> _Work instructions_
Every line from the one containing "枇杷_枇杷價(jià)格_枇杷基地" through the last line below should be reproduced exactly; please include nothing else.

---- Data

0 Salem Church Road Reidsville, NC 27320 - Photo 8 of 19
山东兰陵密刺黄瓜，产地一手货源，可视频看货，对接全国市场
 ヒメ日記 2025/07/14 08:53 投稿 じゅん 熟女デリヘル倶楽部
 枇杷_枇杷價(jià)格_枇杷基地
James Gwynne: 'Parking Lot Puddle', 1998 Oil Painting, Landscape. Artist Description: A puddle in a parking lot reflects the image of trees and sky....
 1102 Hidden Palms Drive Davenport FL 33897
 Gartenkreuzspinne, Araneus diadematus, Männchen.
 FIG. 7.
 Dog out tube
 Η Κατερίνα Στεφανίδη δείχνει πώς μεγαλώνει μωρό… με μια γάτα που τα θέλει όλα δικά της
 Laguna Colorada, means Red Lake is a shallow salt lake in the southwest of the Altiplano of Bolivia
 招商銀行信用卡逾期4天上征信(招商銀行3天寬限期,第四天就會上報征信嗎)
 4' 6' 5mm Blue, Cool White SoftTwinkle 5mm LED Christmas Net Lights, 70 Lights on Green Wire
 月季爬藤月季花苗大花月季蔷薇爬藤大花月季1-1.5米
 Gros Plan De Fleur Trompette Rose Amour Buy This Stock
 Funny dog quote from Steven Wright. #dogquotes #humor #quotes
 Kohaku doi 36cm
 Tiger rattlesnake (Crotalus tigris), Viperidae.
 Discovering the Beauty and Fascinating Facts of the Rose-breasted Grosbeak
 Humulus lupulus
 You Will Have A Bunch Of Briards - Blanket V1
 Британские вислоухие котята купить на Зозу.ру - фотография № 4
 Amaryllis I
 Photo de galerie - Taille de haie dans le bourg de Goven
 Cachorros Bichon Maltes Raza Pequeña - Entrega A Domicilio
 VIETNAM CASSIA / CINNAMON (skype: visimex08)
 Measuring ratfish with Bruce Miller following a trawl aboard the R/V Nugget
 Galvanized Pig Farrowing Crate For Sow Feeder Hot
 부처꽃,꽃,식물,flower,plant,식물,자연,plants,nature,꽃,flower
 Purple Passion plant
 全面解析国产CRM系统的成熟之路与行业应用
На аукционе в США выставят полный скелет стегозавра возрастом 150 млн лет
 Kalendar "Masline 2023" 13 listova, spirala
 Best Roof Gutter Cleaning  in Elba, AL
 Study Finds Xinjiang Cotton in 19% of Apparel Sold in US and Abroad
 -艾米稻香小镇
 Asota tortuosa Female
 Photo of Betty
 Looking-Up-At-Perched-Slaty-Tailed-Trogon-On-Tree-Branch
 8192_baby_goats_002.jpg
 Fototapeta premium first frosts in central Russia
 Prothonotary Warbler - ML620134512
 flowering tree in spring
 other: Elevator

--------

> _Answer_
 枇杷_枇杷價(jià)格_枇杷基地
James Gwynne: 'Parking Lot Puddle', 1998 Oil Painting, Landscape. Artist Description: A puddle in a parking lot reflects the image of trees and sky....
 1102 Hidden Palms Drive Davenport FL 33897
 Gartenkreuzspinne, Araneus diadematus, Männchen.
 FIG. 7.
 Dog out tube
 Η Κατερίνα Στεφανίδη δείχνει πώς μεγαλώνει μωρό… με μια γάτα που τα θέλει όλα δικά της
 Laguna Colorada, means Red Lake is a shallow salt lake in the southwest of the Altiplano of Bolivia
 招商銀行信用卡逾期4天上征信(招商銀行3天寬限期,第四天就會上報征信嗎)
 4' 6' 5mm Blue, Cool White SoftTwinkle 5mm LED Christmas Net Lights, 70 Lights on Green Wire
 月季爬藤月季花苗大花月季蔷薇爬藤大花月季1-1.5米
 Gros Plan De Fleur Trompette Rose Amour Buy This Stock
 Funny dog quote from Steven Wright. #dogquotes #humor #quotes
 Kohaku doi 36cm
 Tiger rattlesnake (Crotalus tigris), Viperidae.
 Discovering the Beauty and Fascinating Facts of the Rose-breasted Grosbeak
 Humulus lupulus
 You Will Have A Bunch Of Briards - Blanket V1
 Британские вислоухие котята купить на Зозу.ру - фотография № 4
 Amaryllis I
 Photo de galerie - Taille de haie dans le bourg de Goven
 Cachorros Bichon Maltes Raza Pequeña - Entrega A Domicilio
 VIETNAM CASSIA / CINNAMON (skype: visimex08)
 Measuring ratfish with Bruce Miller following a trawl aboard the R/V Nugget
 Galvanized Pig Farrowing Crate For Sow Feeder Hot
 부처꽃,꽃,식물,flower,plant,식물,자연,plants,nature,꽃,flower
 Purple Passion plant
 全面解析国产CRM系统的成熟之路与行业应用
На аукционе в США выставят полный скелет стегозавра возрастом 150 млн лет
 Kalendar "Masline 2023" 13 listova, spirala
 Best Roof Gutter Cleaning  in Elba, AL
 Study Finds Xinjiang Cotton in 19% of Apparel Sold in US and Abroad
 -艾米稻香小镇
 Asota tortuosa Female
 Photo of Betty
 Looking-Up-At-Perched-Slaty-Tailed-Trogon-On-Tree-Branch
 8192_baby_goats_002.jpg
 Fototapeta premium first frosts in central Russia
 Prothonotary Warbler - ML620134512
 flowering tree in spring
 other: Elevator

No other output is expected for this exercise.